‘Timsah Gözyaşları’, bireylerin sahte veya samimiyetsiz bir pişmanlık ya da üzüntü gösterdiklerinde kullandıkları bir deyiştir. Bu terimin kökenlerine inmek için ise Eski Mısır tarihiyle bağlantı kurmak gerekiyor.
Nil Nehri civarında yaşayan insanlar için ani timsah saldırıları her zaman bir tehdit unsuru olmuştur. Bu yüzden, timsahlar büyük bir saygı görmüş ve Eski Mısır’da tanrılardan biri olan Sobek ile ilişkilendirilmiştir. Timsahlarla ilgili her hareket ve davranış üzerinde birçok efsane ve inanış gelişmiştir; timsah gözyaşları da bu efsanelerden biridir.
Timsahlar, su dışında uzun süre geçirdiklerinde gözleri kurur. Gözlerini nemli tutmak için bu hayvanlar gözyaşı dökerek ağlarlar. Bu durum, timsahların kurbanlarına saldırmadan önce “ikna” etmek amacıyla gözyaşı döktükleri inancını beslemiştir. Yüzyıllar boyunca bu sahte duyguların tanımlanmasında kullanılan terim, bir nevi tuzak olarak görülen bu gözyaşlarından türetilmiştir.
Antik Yunan tarihçisi Plutarch’ın eserlerinde de bu kavrama rastlanmaktadır. Bu terimin, timsahların bulunmadığı coğrafyalarda bile Orta Çağ’a kadar kullanıldığı belgelenmiştir. Ayrıca, “timsah gözyaşları” ifadesi, 14. yüzyılda kaleme alınan The Travels of Sir John Mandeville adlı eserde ve William Shakespeare’in çalışmalarında karşımıza çıkmaktadır.
Bilim dünyasında ise ‘Timsah Gözyaşı Sendromu’ olarak bilinen bir durum mevcuttur. Florida Üniversitesi’nden araştırmacı Kurt Vliet, bu sendromla ilgili gözlemler yaparak timsahların avlarını yemeden önce gerçekten ağladıklarını saptamıştır. Ancak, bu durumun daha çok fizyolojik bir neden nedeniyle oluştuğu görülmektedir.

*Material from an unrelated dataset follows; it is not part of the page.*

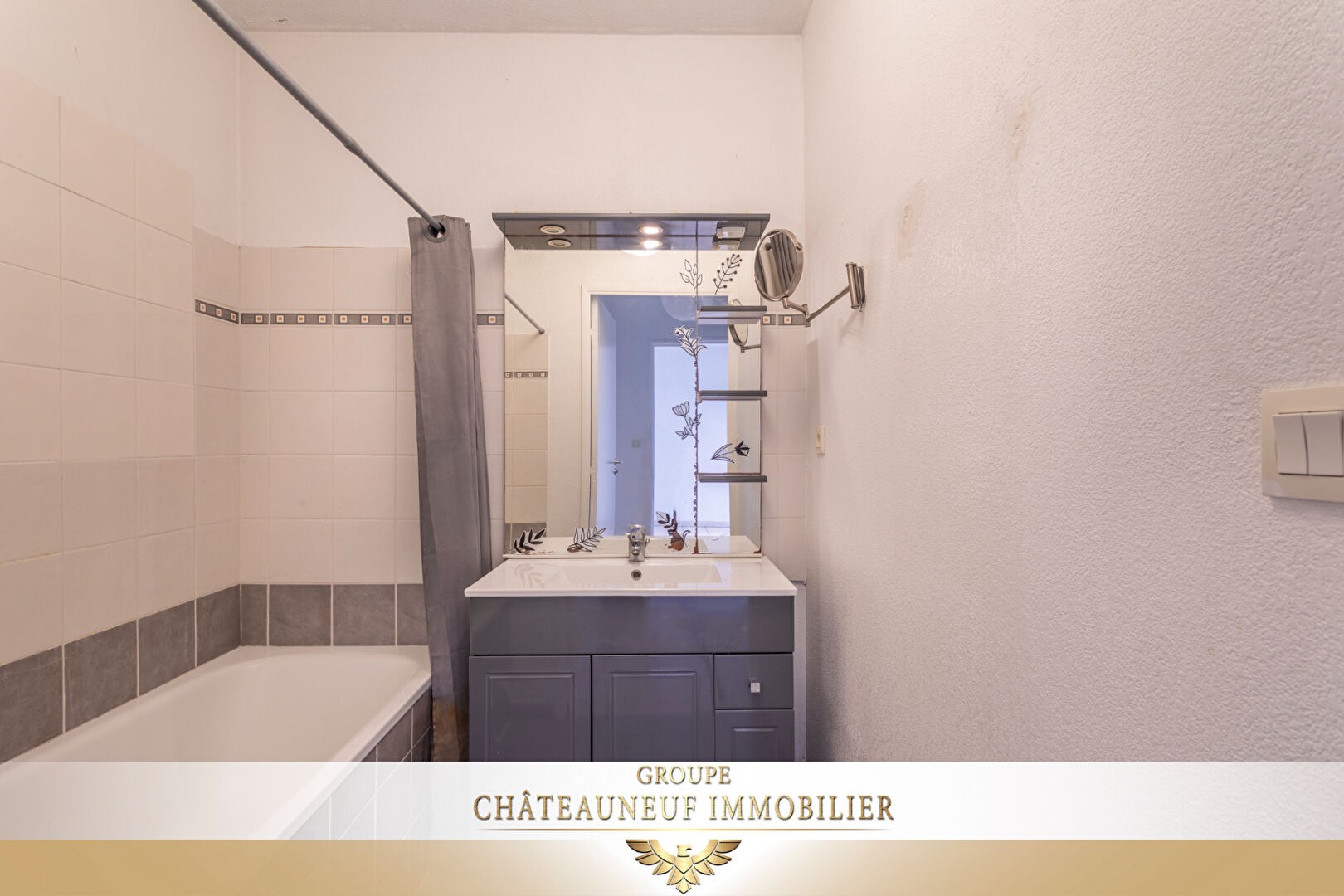 Vente Appartement à Marseille 15e arrondissement 2 pièces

İmamoğlu vakaları, bilimsel incelemelerin ötesinde insan ilişkilerinin dinamikleri açısından da önemli bir gözlem fırsatı sunmaktadır. Son dönemde, Ekrem İmamoğlu ile CHP içerisindeki çatışmaların yerini, dayanışma mesajları almaya başlaması dikkat çekiyor.
Uzun süre Ekrem İmamoğlu ile yoğun çekişmeler yaşayan bazı isimler, şimdi ‘dayanışma’ söylemi etrafında birleşmiş durumda. Siyasetin karmaşıklığı ve hassas dengeleri gözlemlemek, aktörler için oldukça zorlu bir süreç. CHP’nin farklı fraksiyonları, İmamoğlu ile geçmişteki ilişkilerinden etkilenerek farklı tavırlar sergilemektedir.
Özgür Özel, bu süreçte partinin genel başkanı olarak İmamoğlu’nun önemini daha iyi kavrayabiliyor. İmamoğlu üzerinden yükselen bir kariyere sahip olan Özel, bu nedenle hızlı bir ayrışma yaşamasının pek mümkün görünmediğini anlayabiliyor.
Kemal Kılıçdaroğlu’nun açıklamaları ise göze çarpıyor. Kılıçdaroğlu, “Milli iradeye, hukuka ve demokrasiye yönelik müdahaleler kabul edilemez” ifadesiyle durumun ciddiyetini vurgularken, Ekrem İmamoğlu’na olan desteğini de dile getiriyor. Ancak, bu açıklamalar sürecin mihenk taşları konusunda kafa karıştırıcı bir etki yaratıyor. Hükümeti suçlaması ve Yavaş’ın tartışmalı konularda sessiz kalması dikkat çekici bir durum.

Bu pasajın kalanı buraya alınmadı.